In a five-page letter Thursday to EPA Administrator Gina McCarthy, Jon Niermann, who serves as chief of the environmental protection division in Paxton’s office, said the rule — specifically, the Final Rule on Carbon Pollution Emission Guidelines for Existing Stationary Sources: Electric Utility Generating Units — “represents a significant expansion of EPA’s power without a legitimate legal basis.”

Niermann added that the state has been successful with its Electric Reliability Council of Texas, a non-profit corporation that provides power to 24 million customers and manages about 90% of the state’s electric grid.

In his letter, Niermann followed some of the same legal arguments that 15 other states have made — that the Clean Air Act (CAA) prohibits the EPA from regulating hazardous air pollutants (HAP) at national standards under more than one section of the law.

The plaintiffs said Congress in 1990 expanded Section 112 of the CAA to include source categories for HAP, but said EPA could not also regulate source categories under Section 111(d), a rarely-used part of the law where EPA was granted the authority to require states to invoke HAP standards.

“Under this plain reading, EPA’s proposed rule under Section 111(d) is clearly invalid because it seeks to regulate emissions from power plants, which are a source category already regulated under Section 112,” Niermann said.

On Aug. 13, attorneys general for 15 states filed an emergency petition in federal court, urging it to intervene and postpone the CPP’s deadlines (see Daily GPI, Aug. 14). They argued that the EPA exceeded its authority and gave states insufficient time — 13 months — to design and submit plans on how they would replace coal-fired generation with cleaner alternatives, including natural gas.

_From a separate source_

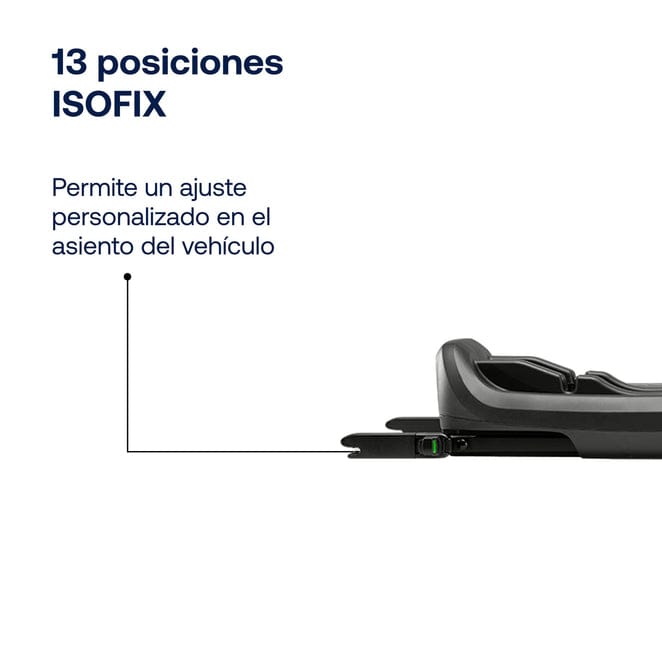 Nuna Otros accesorios de seguridad Base Pipa Next 10204 CS - Nuna NN4020010204CS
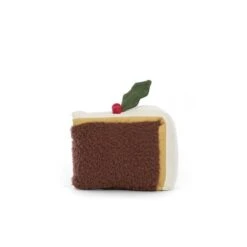 Jellycat - Amuseable Slice Of Christmas Cake -Robinson alnwick jellycat festive jellycat amuseable slice of chris 1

The Obama administration unveiled the final version of the CPP earlier this month (see Daily GPI, Aug. 3). The plan — which embraces renewables, solar and wind power, but not so much natural gas — calls for states to reduce emissions by 32% below 2005 levels by 2030. States will be required to submit a final plan to reduce their emissions by September 2016, but may request a two-year extension.